After 12 days on the space outpost, they are set to return to Earth with another Russian cosmonaut.

Hours before takeoff, the trio arrived at the launchpad clad in heavy spacesuits, waving to crowds as they boarded the spacecraft.

“For me, space is alluring, welcoming and has no boundaries,” said Peresild, who was chosen from 3,000 candidates for the role.

Shipenko, who has made several commercially successful movies, described their fast-track, four-month preparation for the flight as tough.

“Of course, we couldn’t make many things at the first try, and sometimes even at a third attempt. But it’s normal,” he said.

The 38-year-old director said he will finish the shooting on Earth after filming space episodes.

Shkaplerov and two other Russian cosmonauts on board the station are said to have cameo roles.

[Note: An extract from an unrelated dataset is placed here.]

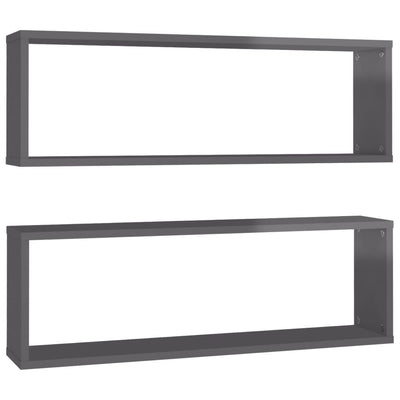 Kuutioseinähyllyt 2 kpl korkeak. harmaa 80x15x26,5 cm lastulevy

Russia’s state-controlled Channel One television, which is involved in making the movie, extensively covered the crew’s training and launch.

“I’m in shock. I still can’t imagine that my mum is out there,” Peresild’s daughter, Anna, said in televised remarks minutes after the launch.

Dmitry Rogozin, head of the Russian state space corporation Roscosmos, was a key force behind the project, describing it as a chance to burnish the nation’s space glory.

True to a pre-flight tradition religiously observed by cosmonauts, the crew said that on Sunday, they watched the classic Soviet film “The White Sun of the Desert”.

Shipenko and Peresild are expected to return to Earth on October 17 in a capsule with cosmonaut Oleg Novitsky, who has been on the ISS for the past six months.

“Not only do we need to make a film, we need to come back to Earth alive,” Shkaplerov said.